Let the output be exactly the lines from the one containing "Love in New" through the end of the records below, both included.
--- DATASET RECORDS Enclosed Below ---
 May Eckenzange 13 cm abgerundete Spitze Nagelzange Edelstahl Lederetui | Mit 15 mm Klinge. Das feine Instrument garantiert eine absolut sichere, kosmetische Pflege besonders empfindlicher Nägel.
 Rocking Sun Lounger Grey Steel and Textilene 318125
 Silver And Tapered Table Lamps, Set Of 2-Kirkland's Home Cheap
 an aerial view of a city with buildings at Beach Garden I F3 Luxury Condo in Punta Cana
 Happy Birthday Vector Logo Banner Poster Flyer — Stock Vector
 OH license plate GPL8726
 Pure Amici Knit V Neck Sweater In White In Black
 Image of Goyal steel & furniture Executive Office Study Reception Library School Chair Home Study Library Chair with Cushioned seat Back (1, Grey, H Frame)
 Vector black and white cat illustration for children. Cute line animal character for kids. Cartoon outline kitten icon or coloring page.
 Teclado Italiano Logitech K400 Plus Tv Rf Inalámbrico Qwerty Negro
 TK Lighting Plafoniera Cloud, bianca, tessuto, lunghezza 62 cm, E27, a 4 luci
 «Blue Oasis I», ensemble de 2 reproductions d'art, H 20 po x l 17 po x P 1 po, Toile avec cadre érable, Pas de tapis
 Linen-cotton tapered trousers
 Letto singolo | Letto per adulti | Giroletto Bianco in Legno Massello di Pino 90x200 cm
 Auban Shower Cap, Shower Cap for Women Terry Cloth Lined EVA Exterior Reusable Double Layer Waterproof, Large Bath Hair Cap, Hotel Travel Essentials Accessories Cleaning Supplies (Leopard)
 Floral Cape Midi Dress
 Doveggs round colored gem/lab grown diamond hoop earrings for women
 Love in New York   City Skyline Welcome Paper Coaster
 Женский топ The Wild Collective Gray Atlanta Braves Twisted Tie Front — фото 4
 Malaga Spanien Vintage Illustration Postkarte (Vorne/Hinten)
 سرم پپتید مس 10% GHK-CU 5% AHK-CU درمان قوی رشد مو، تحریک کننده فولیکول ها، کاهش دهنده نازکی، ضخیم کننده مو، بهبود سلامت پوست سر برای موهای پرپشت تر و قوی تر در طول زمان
--- End of Enclosed DATASET RECORDS ---
▸ SOLUTION TO THIS EXERCISE
 Love in New York   City Skyline Welcome Paper Coaster
 Женский топ The Wild Collective Gray Atlanta Braves Twisted Tie Front — фото 4
 Malaga Spanien Vintage Illustration Postkarte (Vorne/Hinten)
 سرم پپتید مس 10% GHK-CU 5% AHK-CU درمان قوی رشد مو، تحریک کننده فولیکول ها، کاهش دهنده نازکی، ضخیم کننده مو، بهبود سلامت پوست سر برای موهای پرپشت تر و قوی تر در طول زمان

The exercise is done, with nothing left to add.